WORK ITEM: Reproduce the complete set of records exactly. No picture is to appear in the copy.

(Beginning of STORED DATA)

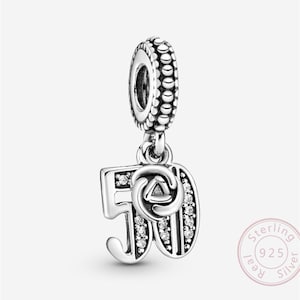 50 colgantes de plata con circonitas cúbicas transparentes, dijes de plata esterlina S925, compatibles con pulseras y collares Pandora, joyería DIY para mujer, regalo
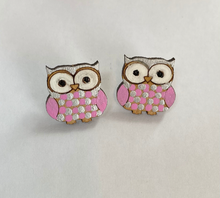 Load image into Gallery viewer, Hand painted wooden owl earrings
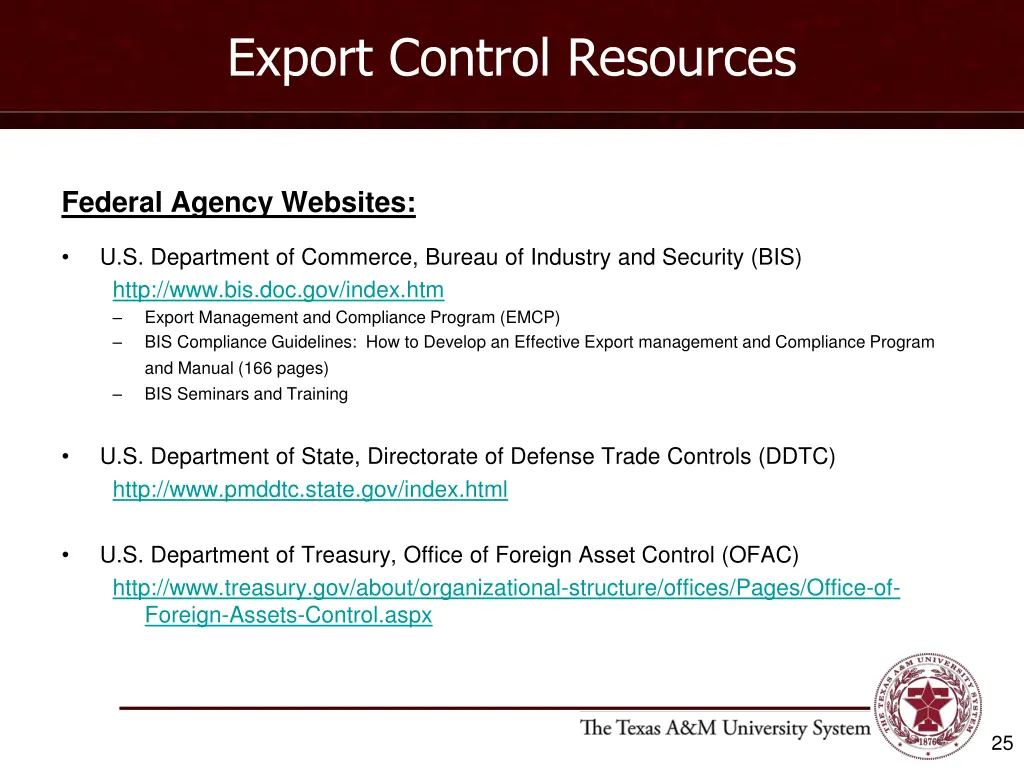 export control resources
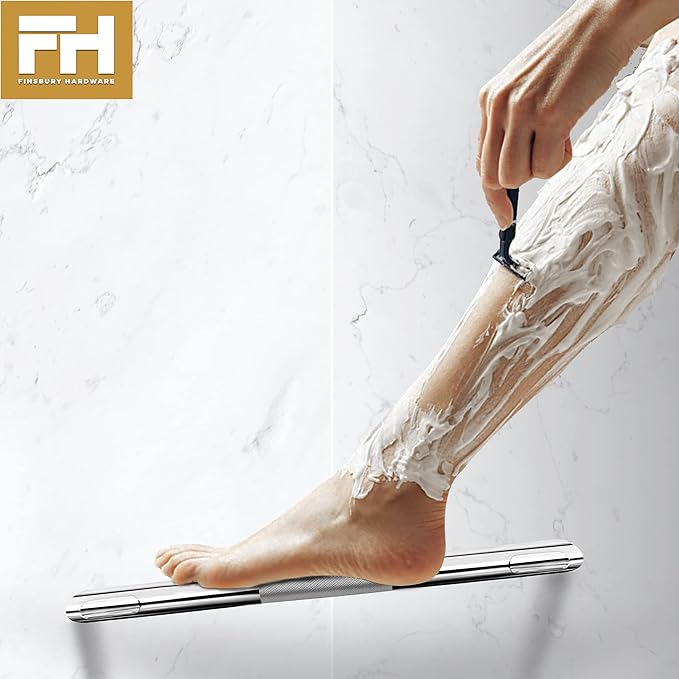 Shower Foot Rest, Corner Shower Bar for Shaving Legs, Wall Mounted Hotel Shower Foot Ledge, Brass Bar Bathroom Foot Step (Polished Chrome)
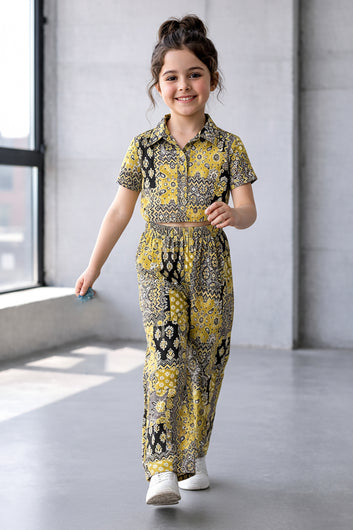 Girls Grey Cotton Top And Pant Set
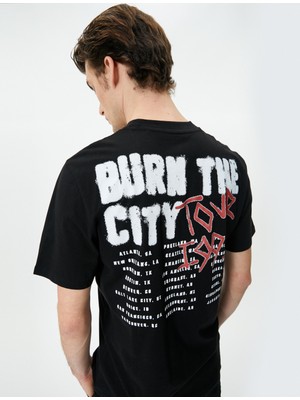 Koton Arkası Baskılı Tişört Sloganlı Bisiklet Yaka Kısa Kollu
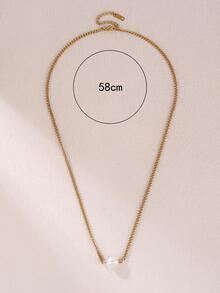 1件轻奢优雅风格保色不锈钢镀金仿珍珠单珠女士锁骨项链，适合约会装扮 - 金黃色 - 查看 4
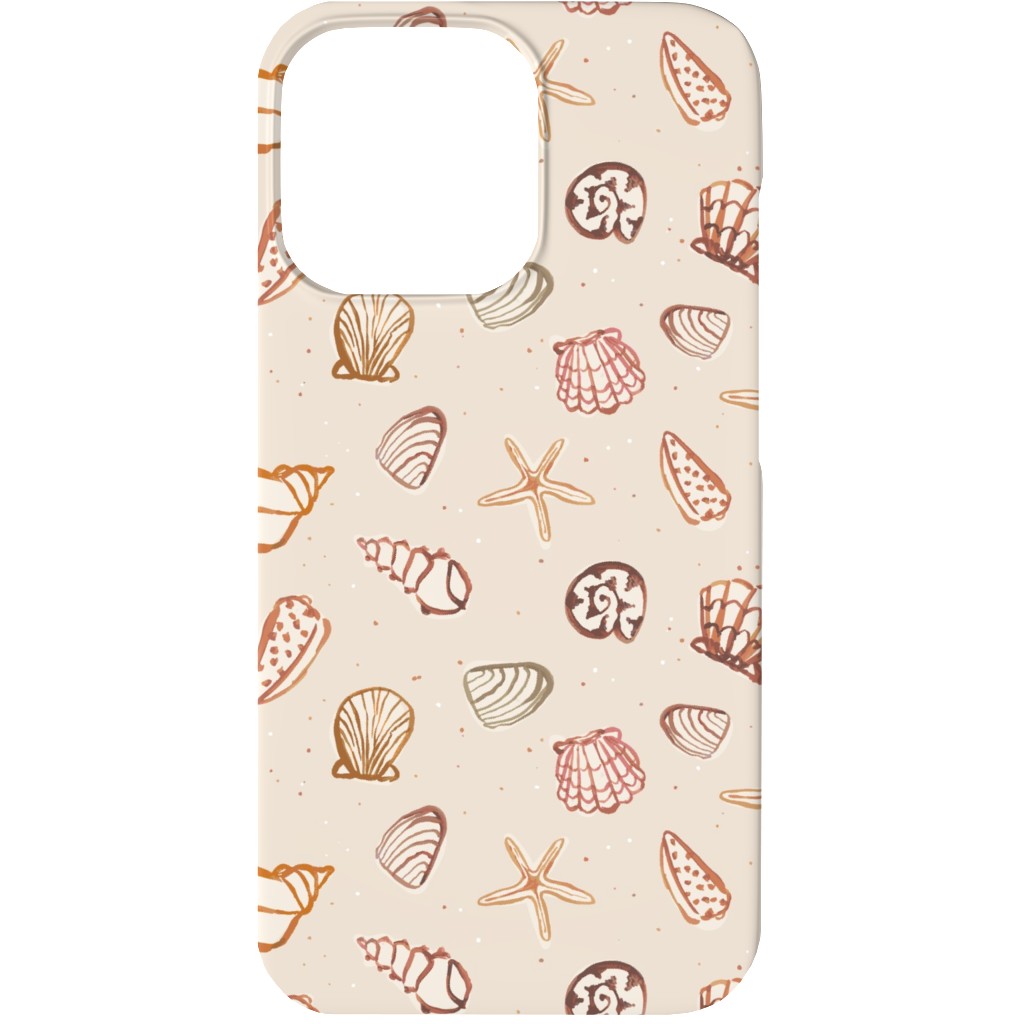 Painted Summer Beach Seashells Phone Case, Silicone Liner Case, Matte, iPhone 13 Mini, Multicolor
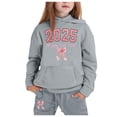 thumbnail image 2 of Toddler Girls Outfit Sets Kids Middle And Older Long Sleeved 2025 New Years Print Hooded Top Sweater Pants Set,2-Piece,Size 2-13Y, 2 of 3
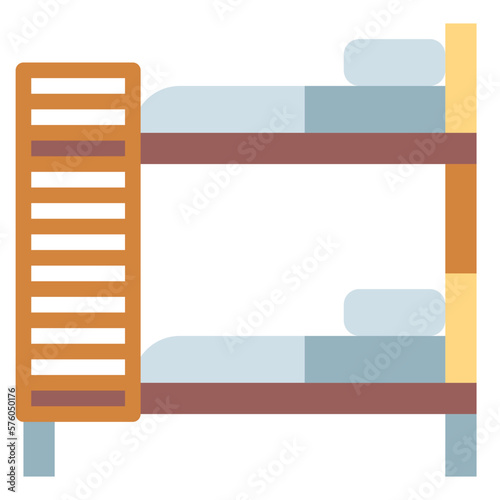bunk bed flat icon style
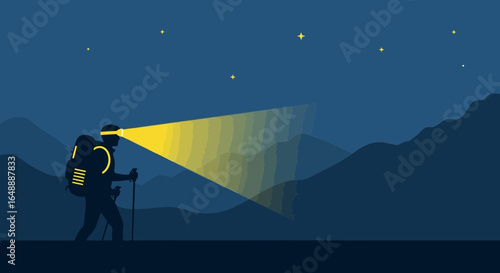 Adventure Hiker Silhouette Under Night Sky With Headlamp Trekking Journey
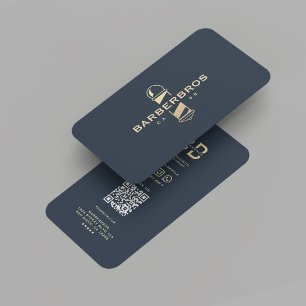 Carte De Visite Barbier d'or moderne Barber's Pole Barbershop Bleu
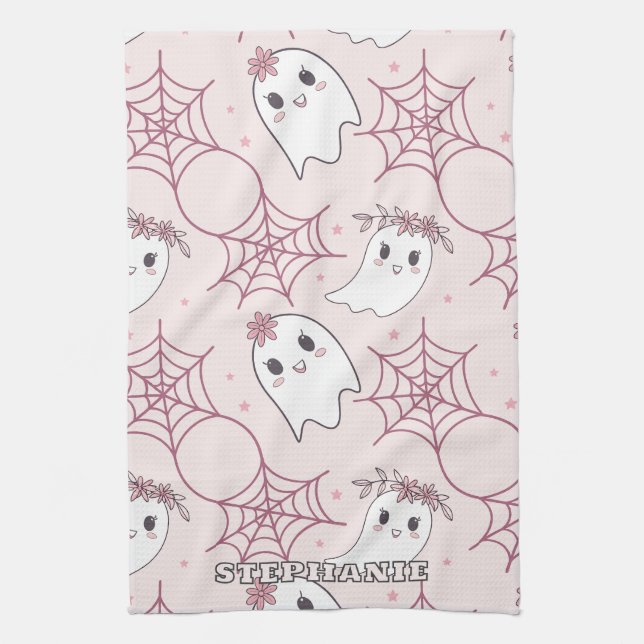 Cute Halloween Ghost & Spiderweb Pattern (2) Tea Towel (Vertical)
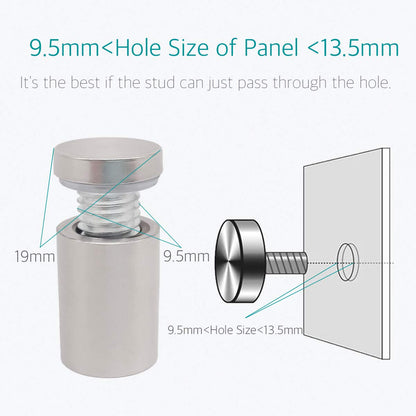 3/4 x 1-1/8 Inch Standoff Screws - Lantee 8 Pcs 19 x 30mm Stainless Steel Glass Standoff Hardware Mounts for Acrylic Signs - Image 5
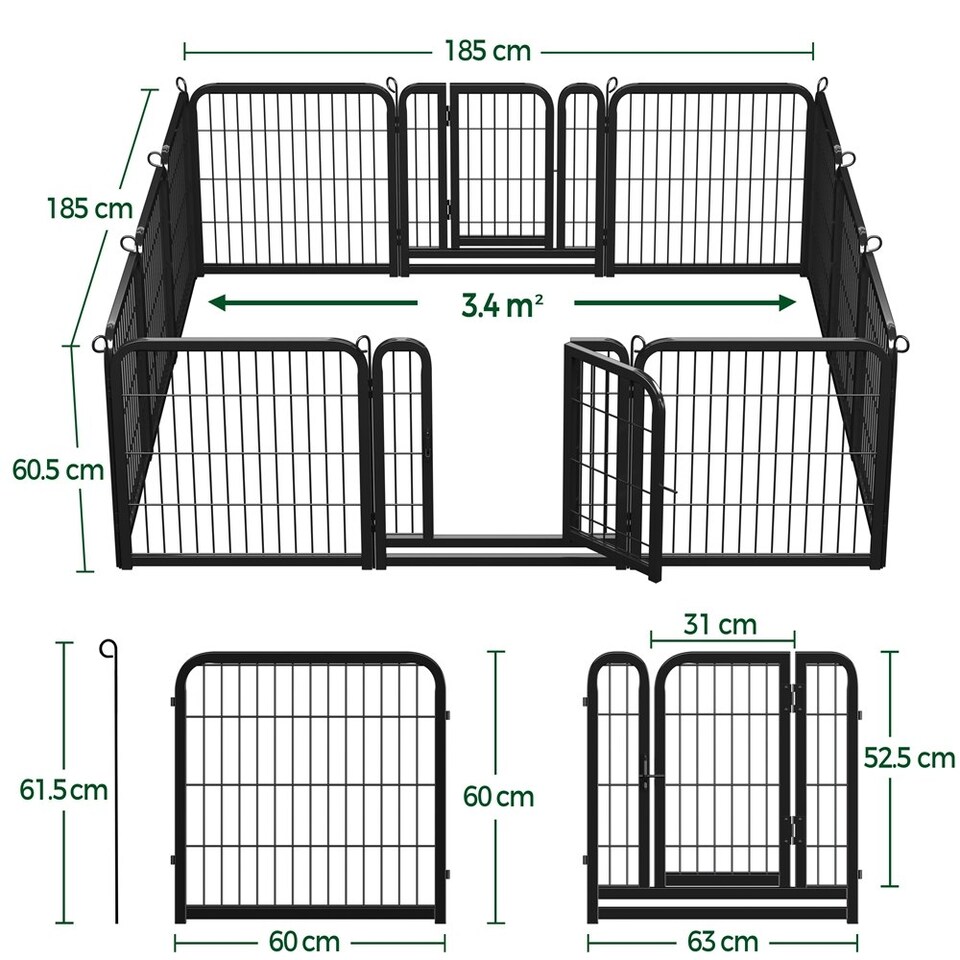 image 1 of Yaheetech 12-Panel Metal Dog Playpen, 60 × 60 cm Black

(End of STORED DATA)

SOLVED PROBLEM:
 50 colgantes de plata con circonitas cúbicas transparentes, dijes de plata esterlina S925, compatibles con pulseras y collares Pandora, joyería DIY para mujer, regalo
 Load image into Gallery viewer, Hand painted wooden owl earrings
 export control resources
 Shower Foot Rest, Corner Shower Bar for Shaving Legs, Wall Mounted Hotel Shower Foot Ledge, Brass Bar Bathroom Foot Step (Polished Chrome)
 Girls Grey Cotton Top And Pant Set
 Koton Arkası Baskılı Tişört Sloganlı Bisiklet Yaka Kısa Kollu
 1件轻奢优雅风格保色不锈钢镀金仿珍珠单珠女士锁骨项链，适合约会装扮 - 金黃色 - 查看 4
 Painted Summer Beach Seashells Phone Case, Silicone Liner Case, Matte, iPhone 13 Mini, Multicolor
 thumbnail image 2 of Toddler Girls Outfit Sets Kids Middle And Older Long Sleeved 2025 New Years Print Hooded Top Sweater Pants Set,2-Piece,Size 2-13Y, 2 of 3
bunk bed flat icon style
 Adventure Hiker Silhouette Under Night Sky With Headlamp Trekking Journey
 Carte De Visite Barbier d'or moderne Barber's Pole Barbershop Bleu
 Cute Halloween Ghost & Spiderweb Pattern (2) Tea Towel (Vertical)
 3/4 x 1-1/8 Inch Standoff Screws - Lantee 8 Pcs 19 x 30mm Stainless Steel Glass Standoff Hardware Mounts for Acrylic Signs - Image 5
 image 1 of Yaheetech 12-Panel Metal Dog Playpen, 60 × 60 cm Black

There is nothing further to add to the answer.